**What you will do:**
All lines from the one that mentions "236 W Holly Ave Map and Location Details" through the last of the entries below must be copied exactly, with both ends kept.

------------

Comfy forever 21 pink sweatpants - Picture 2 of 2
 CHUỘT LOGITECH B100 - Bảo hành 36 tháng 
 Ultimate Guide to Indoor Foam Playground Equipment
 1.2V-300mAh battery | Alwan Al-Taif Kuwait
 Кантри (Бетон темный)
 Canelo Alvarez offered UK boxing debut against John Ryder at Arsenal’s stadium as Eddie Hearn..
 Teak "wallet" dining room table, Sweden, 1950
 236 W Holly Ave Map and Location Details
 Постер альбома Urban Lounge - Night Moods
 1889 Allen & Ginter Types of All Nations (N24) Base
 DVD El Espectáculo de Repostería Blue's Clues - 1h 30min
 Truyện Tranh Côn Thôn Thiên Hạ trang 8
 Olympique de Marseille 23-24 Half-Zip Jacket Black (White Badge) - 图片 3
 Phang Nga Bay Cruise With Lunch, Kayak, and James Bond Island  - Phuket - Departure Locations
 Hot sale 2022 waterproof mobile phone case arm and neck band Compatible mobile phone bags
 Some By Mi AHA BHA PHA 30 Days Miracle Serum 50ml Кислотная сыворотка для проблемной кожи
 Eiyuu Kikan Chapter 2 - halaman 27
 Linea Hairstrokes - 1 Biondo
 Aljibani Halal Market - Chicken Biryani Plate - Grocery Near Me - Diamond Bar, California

------------

**Written response:**
 236 W Holly Ave Map and Location Details
 Постер альбома Urban Lounge - Night Moods
 1889 Allen & Ginter Types of All Nations (N24) Base
 DVD El Espectáculo de Repostería Blue's Clues - 1h 30min
 Truyện Tranh Côn Thôn Thiên Hạ trang 8
 Olympique de Marseille 23-24 Half-Zip Jacket Black (White Badge) - 图片 3
 Phang Nga Bay Cruise With Lunch, Kayak, and James Bond Island  - Phuket - Departure Locations
 Hot sale 2022 waterproof mobile phone case arm and neck band Compatible mobile phone bags
 Some By Mi AHA BHA PHA 30 Days Miracle Serum 50ml Кислотная сыворотка для проблемной кожи
 Eiyuu Kikan Chapter 2 - halaman 27
 Linea Hairstrokes - 1 Biondo
 Aljibani Halal Market - Chicken Biryani Plate - Grocery Near Me - Diamond Bar, California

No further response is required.